Smile has to be the most unusual record ever made, or almost made, in the context of its time and place. With the Beach Boys riding a giant wave of momentum created by the megahit “Good Vibrations,” Brian suddenly found himself with at least a small window of creative carte blanche. He quickly took it to the nth degree as the Smile sessions gained a full head of steam in late 1966. If his goal was to create the most avant-garde LP by a mainstream pop act in history, he came within inches of reaching the top of that mountain. But instead of planting his flag, he hesitated. The reasons why are as numerous and as mysterious as the myriad of bits and pieces of incredible music that make up the Smile puzzle.

Smile has been analyzed and dissected by legions of scholars, fans, and cultists for decades, and has been called everything from a Brian Wilson brain barbecue to the most brilliant and ambitious piece of musical art ever recorded. It could be both. Brian dove straight into the abstract with Smile.

It is more complex and diverse musically than anything the Beach Boys had previously or would ever release. Brian’s collaboration with lyricist Van Dyke Parks ensured that the Smile themes and lyrics would not resemble anything previously put forth under the Beach Boys banner. Instead, Parks’s sometimes stream-of-consciousness, alliteration-heavy style showed massive thematic depth as it artfully decorated Brian’s acid-laced “Teenage Symphony to God.”

Close Your Eyes and Lean Back
Smile songs range from abstruse reflections on the eradication of native cultures and the ensuing western expansion to deep spiritual pleas to God and to our own children for a better way. It’s not exactly All Summer Long. The overriding feeling behind the Smile themes and sound is one of an incredible mind trip, and in many ways it’s a bad trip. The project was originally titled Dumb Angel about an entity that tries its best to help others but constantly screws up everything it touches. It’s been theorized that the inspiration behind that concept could have been Dennis, or America, or just mankind in general. The concept then evolved toward a type of humor album, from which the title Smile sprung. The title stuck, but much of the humor evaporated as many of the songs took on an unhinged and at times manic quality with foreboding gothic overtones.

Ultimately, the concept of Smile seemed to be a constantly undulating and ever-changing one. It was limitless creativity, but seemingly a process without end. Brian would compose, arrange, create, build, tweak, alter, erase, rebuild, retrofit, adjust, decorate, strip down, build up, polish, and then abandon elements of his project on a weekly basis.
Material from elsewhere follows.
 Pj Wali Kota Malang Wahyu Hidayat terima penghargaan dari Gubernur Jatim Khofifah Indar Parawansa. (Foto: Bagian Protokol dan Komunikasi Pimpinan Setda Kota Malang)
It was a kind of mad hatter’s tea party, with amphetamine more than likely being the tea of choice. With a fragile vessel like Brian speeding through troubled waters, it was inevitable there would be an ultimate crash. The factors that brought it on are debatable and many.

One much-written-about theory is that the other Beach Boys killed Smile by criticizing Brian, who had become too advanced for them. This theory is built on the assumption that they did not understand or appreciate his genius. Any conclusion drawn from this point of view is overly simplistic and mostly wrong. As with any band, and with any family, there were some tensions between certain parties. Cousin Mike Love is usually singled out as the Beach Boy who had the most negative reactions toward the Smile approach. Logic would tell you that one of the main reasons for this is the resentment he felt for being shut out of the creative (and financial) process by no longer being Brian’s primary lyricist. Mike reportedly had issues with the esoteric Van Dyke Parks lyric style, and according to Parks was not shy in letting this problem be known. Parks ultimately left the project, came back, and left again. According to some, the festering Mike Love negativity caused Parks to vacate, and opened one of the major cracks in the egg known as Brian Wilson.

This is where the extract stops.